Così, senza l’effetto (placebo) di Agnese, ne ha per tutti. E comincia a circolare l’ipotesi che il Ducetto voglia tornare a battere sul tasto delle elezioni anticipate. Soprattutto dopo la presentazione del Def che disegna una finanziaria da 35 miliardi. Una super manovra che il suo Pd dovrà votare in Parlamento.
Così, dopo il 30/4 Matteuccio pensa di staccare gradualmente la spina a Gentiloni, proprio per non prendere sulle spalle l’onere della Legge di Bilancio. Lui che ha fatto tanto (a parole) per allontanare dal Pd l’immagine del “partito delle tasse” trova nelle tabelle del Def che le entrate tributarie aumenteranno nel 2018 di 20 miliardi. Non certo un buon viatico per il voto nella primavera del prossimo anno.
Così, meglio far saltare il banco prima. Tant’è che ha iniziato a dire ai suoi uomini nelle istituzioni pubbliche di prepararsi alle dimissioni in agosto, se hanno idea di candidarsi nelle liste Pd. E se si devono dimettere in piena estate è perché si va al voto a novembre; guarda caso, subito dopo l’approvazione della manovra almeno da un ramo del Parlamento.

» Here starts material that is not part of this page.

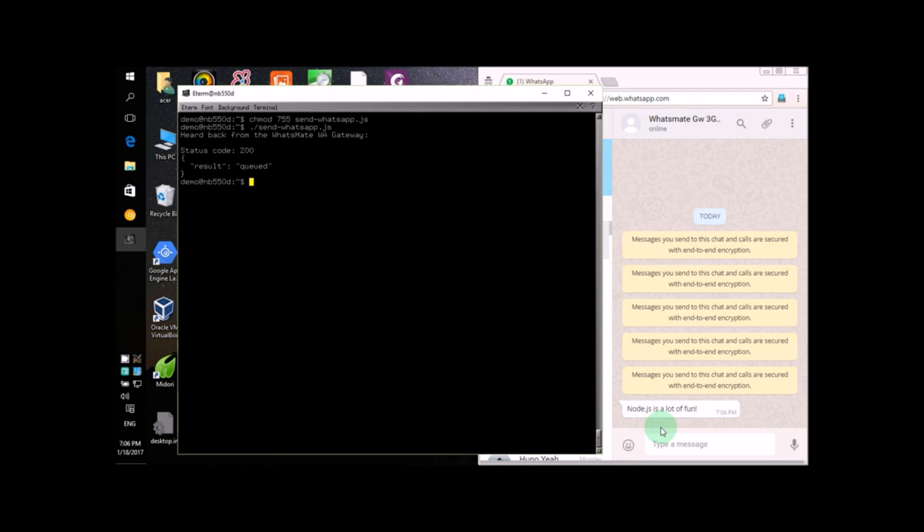If you also want to have some fun, sign up now and try it out for yourself. I'll see you next time. Thank you for watching.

I rapporti del Cazzaro con Gentiloni sono buoni nella sostanza. Ma lo vorrebbe un po’ più docile, e soprattutto, un po’ più distaccato da Mattarella, a cui l’unisce come un cordone ombelicale Dario Franceschini. Renzi, poi, intravvede nelle scelte di Padoan sul def la “longa mano” del Quirinale.
E non sbaglia. Sembra che nei giorni scorsi il ministro sia stato ricevuto al Colle per trasferirgli un messaggio chiaro: devi tenere un comportamento più da tecnico che da uomo del Pd. Consiglio subito recepito da Piercarlo con il Documento di economia e finanza.
Ma non sono soltanto i conti pubblici e le mosse da fare per innescare le elezioni anticipate ad agitare l’ex premier. Sa benissimo che vincerà le Primarie. Il problema è con quali percentuali. Sulla scrivania gli sono arrivate le proiezioni riservate. Se ai gazebo si presentano meno di due milioni, dovrebbe conquistare il 58% dei consensi. Il problema è che se l’affluenza aumenta, i suoi consensi scendono.
Matteo ha bisogno di una vittoria chiara e forte per sdoganarsi dai ricatti di Franceschini. L’idea del Ducetto è avere un unico vice segretario, nella persona di Maurizio Martina (con un passato fassiniano). Dario, invece, spinge per avere anche lui un vice segretario d’area cattolica. E se la spunta o meno dipenderà dall’affluenza ai gazebo.